In the context of the social era for everyone, the relationship between enterprises and customers has changed. In the era of big data, customers will leave a large number of behavioral clues when they are active on social media. Analyzing and digging out customer needs and opinions requires an analysis and management system that adapts to this trend, and the SCRM system was born.
User behavior monitoring includes the collection of user attributes and behavior data, as well as the tracking and monitoring of user interaction trajectories. In a complete marketing activity, there are four main steps for user behavior monitoring: tracking customer behavior-marking user behavior-summarizing user behavior- Analyze user behavior.
01. Track user behavior
Some users may be in our user group, but never participate in promotional activities;
Every user's behavior has its reason, is he not interested in our content? Did the user find other products that could replace us? Is the lack of participation in marketing activities due to cumbersome processes or insufficient rewards? Only by tracking the trajectory of user behavior throughout the process can we discover the reasons behind it, better optimize marketing activities, and increase user purchase rates.
BestChat can automatically track customer browsing behaviors and form user browsing trajectories, including behavior time, browsing time, behavior sequence, etc., capture the behavior of customers opening content multiple times, and help sales to better understand customer needs and customer purchase cycle information. Customers interact to increase user activity and enhance user stickiness.
02. mark user behavior
After tracking the user's browsing trajectory, users can be stratified according to the user's behavior trajectory and consumption characteristics, and exclusive marketing plans can be formulated for different user groups to maximize the value of users.
The most common method of layering is user tags.
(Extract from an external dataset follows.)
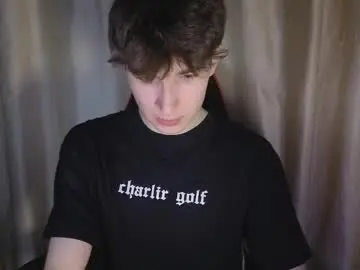 Chaturbate Best Webcam of drinklinov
At present, the main user tags include physiological characteristics (such as gender, age, occupation, etc.), interest preferences (such as dancing, digital products, etc.), and brand level (such as frequency of use, membership level, Consumption ability, etc.), life behaviors (such as shopping habits, reading habits, etc.), companies can tailor user label classification according to their own needs to help companies efficiently and flexibly manage user classification.
BestChat can intelligently label users, conduct in-depth learning on collected user data, record various interactions between corporate sales and customers in the marketing and sales process, help sales grasp customer user portraits, and accurately analyze user purchase intentions. It recommends suitable products and follows up with interested customers, which facilitates customer management and improves corporate marketing efficiency.
03. Summarize and analyze user behavior
At this stage, we already know our own data well. By extracting the user's basic information from the existing data, using user tags to specify the user's image, building a 360-degree user portrait, and realizing the operation of thousands of people.
BestChat automatically associates user follow-up records, contact history, browser tracking, orders, and other data with customers to improve user portraits. Sales can design different types of customer cultivation, conversion, repurchase, and additional purchase processes based on user portraits and data, customer stages, customer tags, and other behaviors, and start a series of customer care cultivation processes to achieve accurate customer conversion.
In addition to providing insight into consumer needs and providing more targeted services, sales staff can also collect customer concerns, sort out and analyze them, and provide timely feedback and processing, thereby enhancing customer satisfaction.
User behavior data is of vital importance to enterprises. It can not only help enterprises effectively connect users, but also provide insights into user needs. Through continuous iterative verification of user portraits, discover the most real needs of users, solve user pain points, and improve marketing effects. It can even leverage the value of users' social groups, keep new users from breaking, and bring growth to the enterprise.